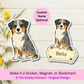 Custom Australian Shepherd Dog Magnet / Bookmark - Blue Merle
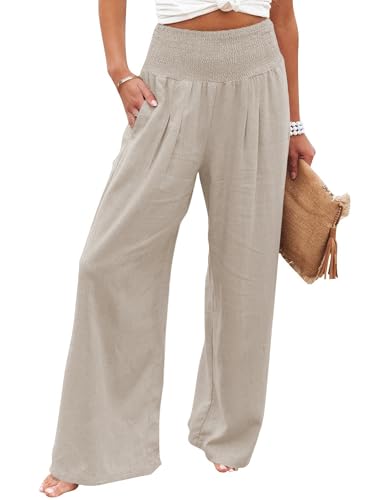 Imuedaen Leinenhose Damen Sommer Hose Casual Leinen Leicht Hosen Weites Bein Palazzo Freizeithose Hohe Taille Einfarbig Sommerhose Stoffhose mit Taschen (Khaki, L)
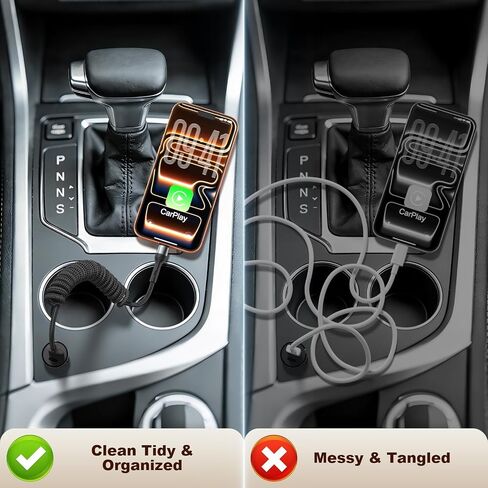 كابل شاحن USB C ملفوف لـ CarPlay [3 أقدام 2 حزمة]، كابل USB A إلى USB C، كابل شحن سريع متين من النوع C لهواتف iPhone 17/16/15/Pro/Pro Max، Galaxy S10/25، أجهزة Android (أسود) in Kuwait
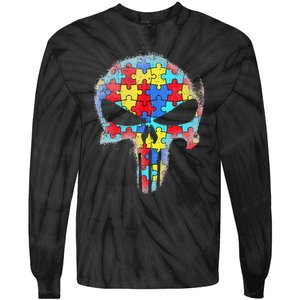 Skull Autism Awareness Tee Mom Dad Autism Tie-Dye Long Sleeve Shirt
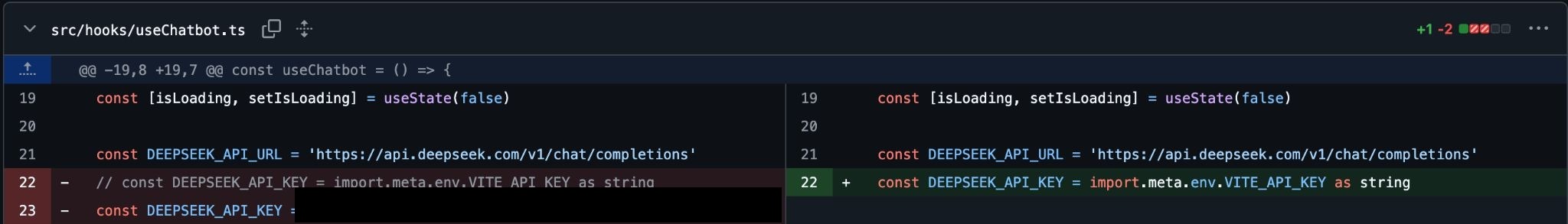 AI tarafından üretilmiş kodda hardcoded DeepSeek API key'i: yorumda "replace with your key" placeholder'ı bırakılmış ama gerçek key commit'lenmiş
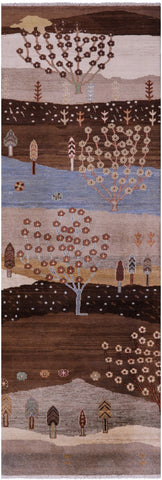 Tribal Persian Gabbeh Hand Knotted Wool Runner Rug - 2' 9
--
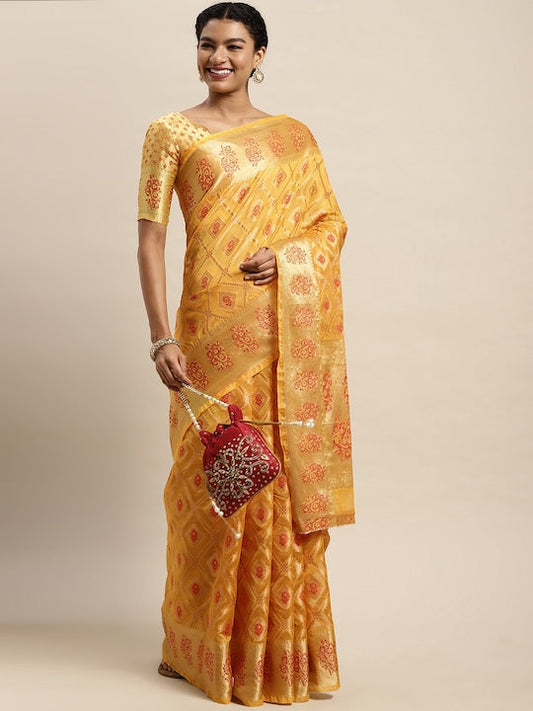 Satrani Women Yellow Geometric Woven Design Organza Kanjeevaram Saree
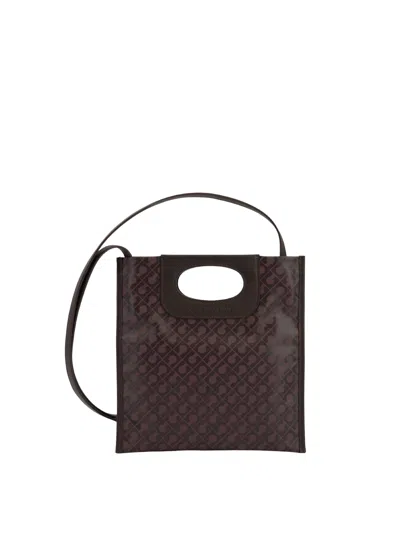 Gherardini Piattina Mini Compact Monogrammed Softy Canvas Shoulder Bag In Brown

> **Required work**: Find the line with "Custom Australian Shepherd" and the line with "Imuedaen Leinenhose Damen" in the records above. Copy both and all lines between them exactly, without pictures.

> **Exercise solution**:
 Custom Australian Shepherd Dog Magnet / Bookmark - Blue Merle
 Imuedaen Leinenhose Damen Sommer Hose Casual Leinen Leicht Hosen Weites Bein Palazzo Freizeithose Hohe Taille Einfarbig Sommerhose Stoffhose mit Taschen (Khaki, L)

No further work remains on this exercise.